Have tons of pictures on an old computer, as you can tell from the quality of my picture of a picture. Sorry I didn’t credit you...


----------



## fordmike65 (Jul 22, 2019)

Jesse McCauley said:


> I’ve got some nice early box bars somewhere to compliment that Elgin nicely!
> 
> 
> Sent from my iPhone using Tapatalk



I know @New Mexico Brant is looking for some teens box bars for his Military bike project.


----------



## Jesse McCauley (Jul 22, 2019)

fordmike65 said:


> I know @New Mexico Brant is looking for some teens box bars for his Military bike project.




I checked with him first that’s why I know I’ve got em’! He needs some real high rise boxes, mine are a shallower profile than what he needs 


Sent from my iPhone using Tapatalk


----------



## Archie Sturmer (Jul 22, 2019)

Would the Sears Elgin bike have been built by Great Western Mfg., La Porte Ind., with the 8-point star chain ring?


----------



## hoofhearted (Jul 22, 2019)

Archie Sturmer said:


> Would the Sears Elgin bike have been built by be a Great Western Mfg., La Porte Ind., with the 8-point star chain ring?




====================================================

*The fork  sure looks GW … but it may be a fork 
that was swapped for.*

*This fork is a different color than the frame.*

*And the lower fender bridge is a variety I am very
unfamiliar with.  Admittedly … am also very unfam-*
*iliar with GW machines.*

*Not totally saying this specimen is a GW …. *

*If this machine is an Elgin … I do not know what company
originated it.*

*Glad I could help ….*

*He /Calls THAT . Help ??*

….. *patric*


----------



## 47jchiggins (Jul 22, 2019)

.


----------



## razinhellcustomz (Jul 29, 2019)

Goldenindian said:


> Haha yeah.....
> Have tons of pictures on an old computer, as you can tell from the quality of my picture of a picture.
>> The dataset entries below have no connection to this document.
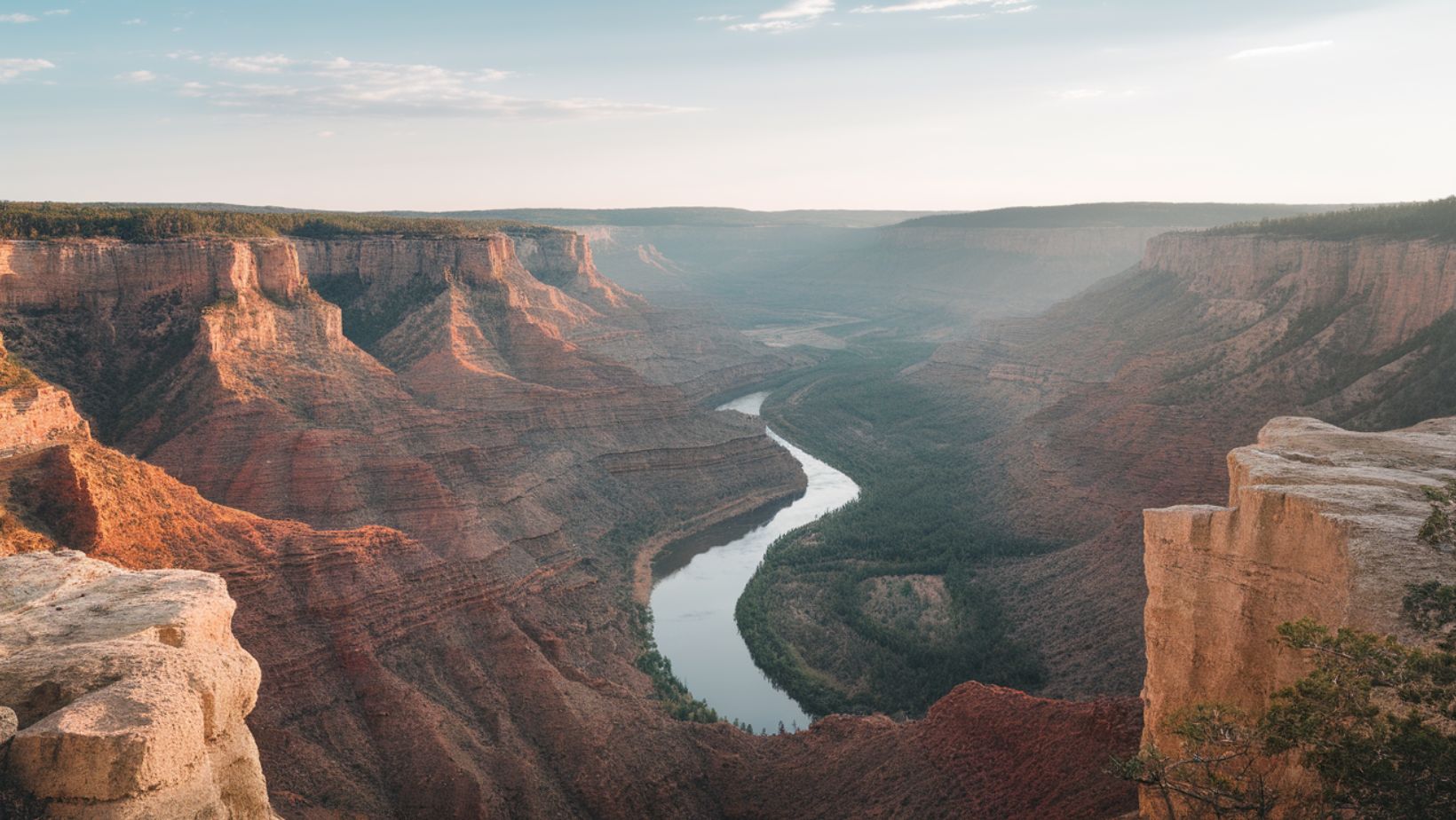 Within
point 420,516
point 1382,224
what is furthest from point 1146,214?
point 420,516

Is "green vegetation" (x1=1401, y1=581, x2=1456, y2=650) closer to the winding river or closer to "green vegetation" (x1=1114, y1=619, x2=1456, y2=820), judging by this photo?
"green vegetation" (x1=1114, y1=619, x2=1456, y2=820)

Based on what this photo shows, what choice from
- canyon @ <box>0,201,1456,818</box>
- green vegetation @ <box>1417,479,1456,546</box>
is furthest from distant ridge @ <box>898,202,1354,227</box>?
green vegetation @ <box>1417,479,1456,546</box>

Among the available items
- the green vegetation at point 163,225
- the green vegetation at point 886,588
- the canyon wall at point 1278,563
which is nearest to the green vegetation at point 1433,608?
the canyon wall at point 1278,563

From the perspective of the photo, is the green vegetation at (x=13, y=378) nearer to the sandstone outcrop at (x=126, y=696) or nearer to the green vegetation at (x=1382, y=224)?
the sandstone outcrop at (x=126, y=696)

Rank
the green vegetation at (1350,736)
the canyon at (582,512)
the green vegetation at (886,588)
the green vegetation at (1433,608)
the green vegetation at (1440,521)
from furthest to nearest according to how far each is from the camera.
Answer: the green vegetation at (886,588) → the canyon at (582,512) → the green vegetation at (1440,521) → the green vegetation at (1433,608) → the green vegetation at (1350,736)

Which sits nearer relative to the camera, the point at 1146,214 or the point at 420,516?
the point at 420,516

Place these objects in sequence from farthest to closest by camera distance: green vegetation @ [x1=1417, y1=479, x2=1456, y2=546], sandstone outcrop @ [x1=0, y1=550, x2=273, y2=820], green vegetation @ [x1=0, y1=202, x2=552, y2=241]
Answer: green vegetation @ [x1=0, y1=202, x2=552, y2=241], green vegetation @ [x1=1417, y1=479, x2=1456, y2=546], sandstone outcrop @ [x1=0, y1=550, x2=273, y2=820]

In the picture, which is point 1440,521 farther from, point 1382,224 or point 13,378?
point 1382,224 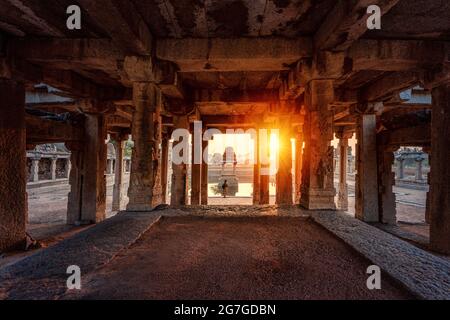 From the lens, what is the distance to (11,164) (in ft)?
16.0

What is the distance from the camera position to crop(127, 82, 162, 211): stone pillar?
444 cm

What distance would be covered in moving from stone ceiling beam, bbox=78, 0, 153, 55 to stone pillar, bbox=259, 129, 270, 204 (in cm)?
736

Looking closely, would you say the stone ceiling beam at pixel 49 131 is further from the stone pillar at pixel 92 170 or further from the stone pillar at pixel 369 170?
the stone pillar at pixel 369 170

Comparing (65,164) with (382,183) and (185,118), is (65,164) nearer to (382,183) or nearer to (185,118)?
(185,118)

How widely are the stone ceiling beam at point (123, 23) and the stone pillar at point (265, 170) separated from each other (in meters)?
7.36

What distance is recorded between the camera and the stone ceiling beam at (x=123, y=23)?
2943 millimetres

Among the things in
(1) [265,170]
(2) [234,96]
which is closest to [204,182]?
(1) [265,170]

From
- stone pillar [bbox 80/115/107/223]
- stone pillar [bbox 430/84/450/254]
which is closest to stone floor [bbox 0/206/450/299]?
stone pillar [bbox 430/84/450/254]

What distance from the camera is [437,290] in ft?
5.63

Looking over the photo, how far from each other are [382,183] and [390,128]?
6.74ft

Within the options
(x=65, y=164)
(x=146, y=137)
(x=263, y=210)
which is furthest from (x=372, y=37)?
(x=65, y=164)

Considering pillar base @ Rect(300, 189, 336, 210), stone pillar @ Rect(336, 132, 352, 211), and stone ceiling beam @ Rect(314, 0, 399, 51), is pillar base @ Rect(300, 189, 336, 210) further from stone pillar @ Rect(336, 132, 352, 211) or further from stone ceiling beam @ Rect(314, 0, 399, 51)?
stone pillar @ Rect(336, 132, 352, 211)

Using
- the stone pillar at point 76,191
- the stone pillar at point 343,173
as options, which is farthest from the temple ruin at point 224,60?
the stone pillar at point 343,173

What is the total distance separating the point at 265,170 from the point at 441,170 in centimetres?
622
Sorry I didn’t credit you...



Did Davis also build the early Elgin bikes?  Thanks for sharing. Really neato bikes. Ride On. Razin.


----------



## razinhellcustomz (Jul 29, 2019)

xmtnrider said:


> Posting here also. Can HD’s have bottle cap badges sometimes?View attachment 1033267View attachment 1033268View attachment 1033269View attachment 1033270
> 
> 
> Sent from my iPhone using Tapatalk



I suppose the wire on the head stock was to hold on the missing head badge. Nice try. Razin.


----------



## frank562 (Jul 29, 2019)

I found this one today no clue what it is


----------



## frank562 (Jul 29, 2019)

The guy though he had a HD but badge and sprocket are repop, any help will be much appreciated.


----------



## hoofhearted (Jul 30, 2019)

@frank562


----------



## frank562 (Jul 30, 2019)

@hoofhearted
Do you have any Idea what this bike may be? I was thinking elgin possibly??


----------



## Goldenindian (Jul 30, 2019)

frank562 said:


> @hoofhearted
> Do you have any Idea what this bike may be? I was thinking elgin possibly??



Looks like an Elgin to me. Really nice complete Michigan city. Would be nice to turn it back to a Elgin. Fork is not Davis too


----------